Your assignment >> Skip all pictures. Set down only the lines starting at the line containing "2019 Sale Rolamentos" and running to the end of the listing.

Raw data >>
________________________________________

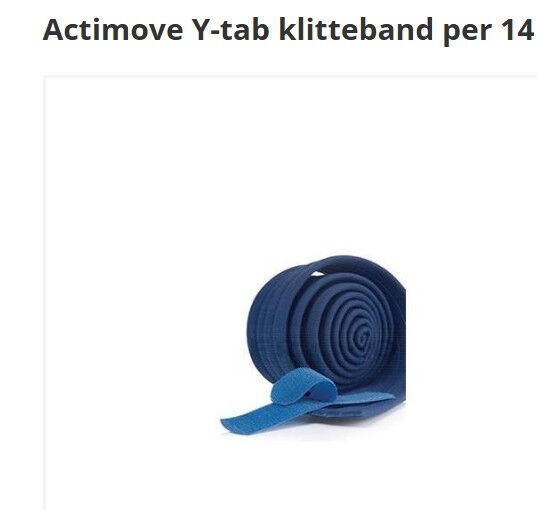 Actimove Y-tab klittenbandsluiting - Per 14st - afbeelding 0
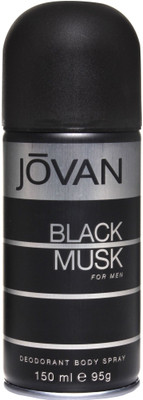 Buy Jovan Black Musk Deo Spray  -  150 ml: Deodorant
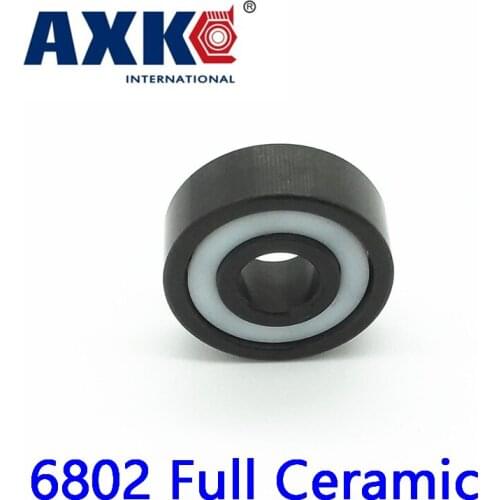 2019 Sale Rolamentos Axk 6802 Full Ceramic Bearing ( 1 Pc ) 15*24*5 Mm Si3n4 Material 6802ce All Silicon Nitride Ball Bearings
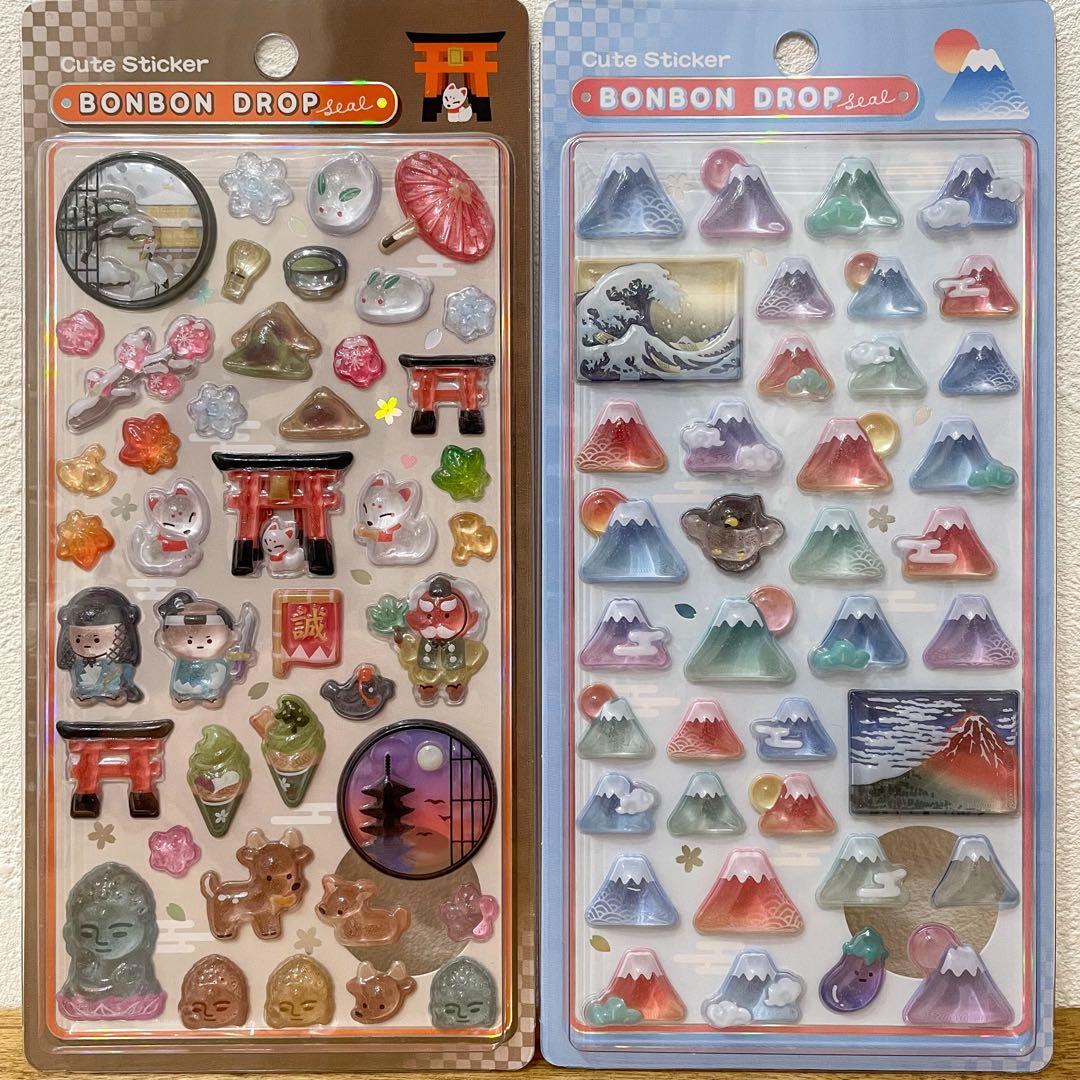 【正規品】 ボンボンドロップシール 和柄 《他出品とおまとめ購入で値引き対応》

________________________________________

Problem solution >>
 2019 Sale Rolamentos Axk 6802 Full Ceramic Bearing ( 1 Pc ) 15*24*5 Mm Si3n4 Material 6802ce All Silicon Nitride Ball Bearings
 【正規品】 ボンボンドロップシール 和柄 《他出品とおまとめ購入で値引き対応》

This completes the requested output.